Ann Intern Med. 1988 Feb;108(2):175-80. doi: 10.7326/0003-4819-108-2-175.
Infection with human immunodeficiency virus (HIV) may cause viral antigenemia, detected primarily as p24 viral core protein. Among 16 patients with the acquired immunodeficiency syndrome (AIDS) or AIDS-related complex studied serially, 12 had or developed antigenemia ranging from 16 to 3006 pg/mL in plasma. The level could be categorized as high (greater than 100 pg/mL) or low (15 to 65 pg/mL). Three patients with anti-p24 antibody had no antigenemia. Zidovudine (AZT), 200 or 250 mg every 4 hours, reduced antigenemia by about 90%; other regimens were less effective. Leukocyte cultures were positive for HIV from patients with antigenemia, and in one third of samples in the absence of antigenemia. High levels of antigenemia correlated with symptoms, CD4 cell count, and prognosis. Drug toxicity requiring a lower dose was followed by increased antigenemia, recurrent symptoms, and decreased CD4 cells, suggesting lymphocyte toxicity. Monitoring antigenemia can be useful in evaluating patients with HIV infection and in evaluating the effect of antiviral chemotherapy.

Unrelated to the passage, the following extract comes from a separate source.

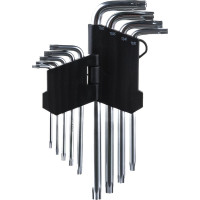 Ключи пятигранные TS10-50, набор 9 шт., с отверстием, длинные, сталь CrV TOPEX 35D951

感染人类免疫缺陷病毒(HIV)可能导致病毒血症,主要检测为p24病毒核心蛋白。在对16例获得性免疫缺陷综合征(AIDS)或AIDS相关综合征患者进行的连续研究中,12例患者血浆中出现或发展为病毒血症,水平在16至3006 pg/mL之间。该水平可分为高(大于100 pg/mL)或低(15至65 pg/mL)。3例抗p24抗体患者无病毒血症。每4小时服用200或250毫克齐多夫定(AZT)可使病毒血症降低约90%;其他治疗方案效果较差。有病毒血症患者的白细胞培养物对HIV呈阳性,在无病毒血症的样本中有三分之一呈阳性。高水平的病毒血症与症状、CD4细胞计数和预后相关。因药物毒性需要降低剂量后,病毒血症增加、症状复发且CD4细胞减少,提示淋巴细胞毒性。监测病毒血症有助于评估HIV感染患者以及评估抗病毒化疗的效果。